| I don't think there's going to be a shortcut to learning Kubernetes to the point where you'll be comfortable setting up a production-grade cluster. I recently went down the path of learning it. Even with 6 years of experience using Docker and ~10 years of general deployment / Linux / sysadmin'y experience it took something like 180 hours of no screwing around time to get to the point where I was comfortable putting up a proof of concept production cluster. Proof of concept in this case means having the cluster up and running to manage multiple services, hooking up multiple external hostnames with external-dns and an AWS Load Balancer controller (I am using EKS). It also involved handling things like running database migrations in a robust way and toying around with nice to haves like preview environments for all PRs. It didn't serve any live customer facing traffic but all of the pieces were there to do it. The provisioning and managing of the cluster was all adhoc with a mish mash of Bash scripts, eksctl, kubectl and Helm commands. Now I'm transitioning all of that to use Terraform to set up the cluster and every change to the cluster happens through git using ArgoCD to monitor the repo. I'm really happy with the direction things are going. There's no way I could have started here tho, it would have been too many new things to take in at once without knowing the fundamentals. Long story short, don't try to rush things and skip ahead. It's going to be really important to learn the basics of Kubernetes before trying to automate everything with best practices. I spent a ton of time reading the docs while experimenting with a cluster along with reading hundreds of blog posts and skimming YouTube videos.
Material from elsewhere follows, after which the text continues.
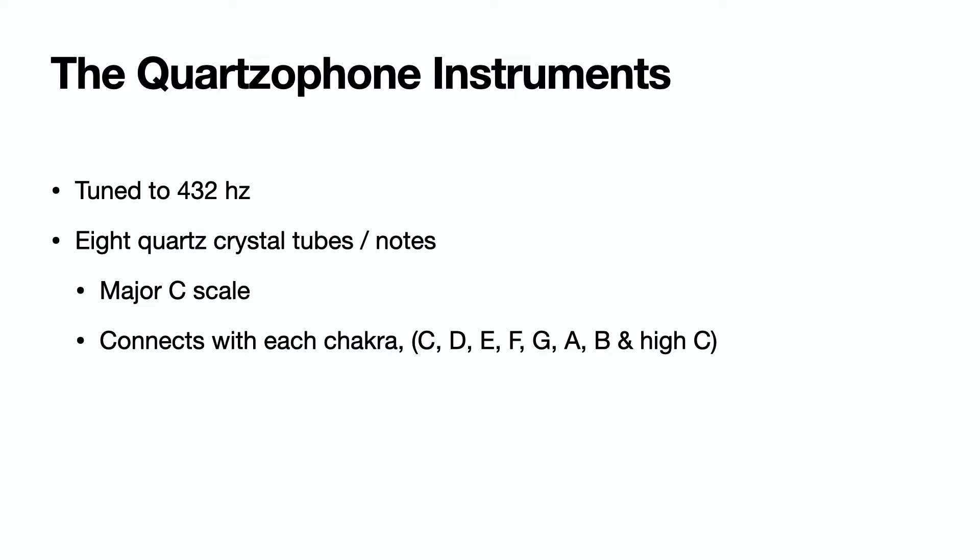The quartzophone lyre and harp are tuned to 432 hertz. They come with eight quartz crystal tubes, each playing a different note. Musicians will want to know that it is a major C scale, and for alternative health practitioners, each tube connects with a different chakra note, root through crown.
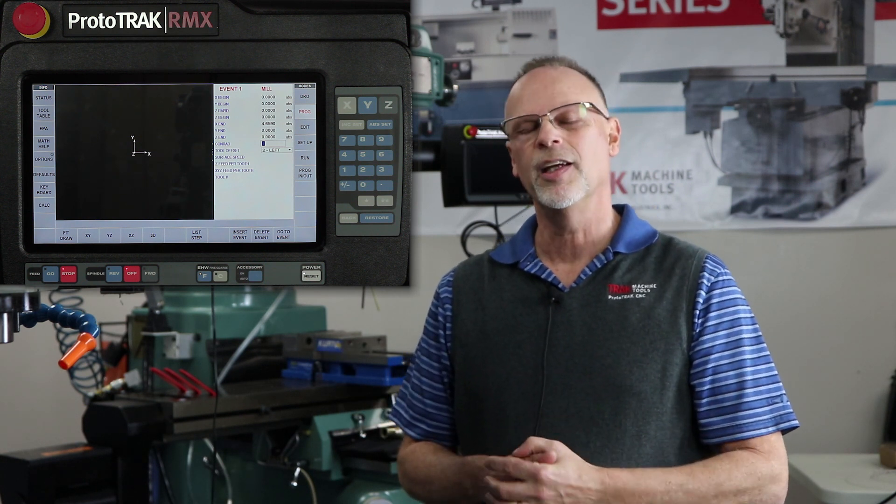One last thing I want to cover is that the Prototrack RX is built on a platform that we will be able to add to as we come up with new ideas, better ideas, different events and things like that. So if you have this product and in the future we make things that are much better, you will be able to upgrade and add those different things to your control, which is always going to keep you up to date.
Every step of the way involved applying what I was learning to a real project and interacting with the cluster in some way. 90% of it was able to be learned with a local cluster running on your dev box. |
And even then, I think it took our org a solid year of work from 3 dedicated engineering teams to be comfortably deploying on GKE & EKS.
And still after that investment, we ditched K8s in favor of Nomad.
Kubernetes is kind of like a steamroller where most of us are looking for a hammer.
People joke about Google releasing Kubernetes into the wild to slow down their competition. It's really not that far off from reality though.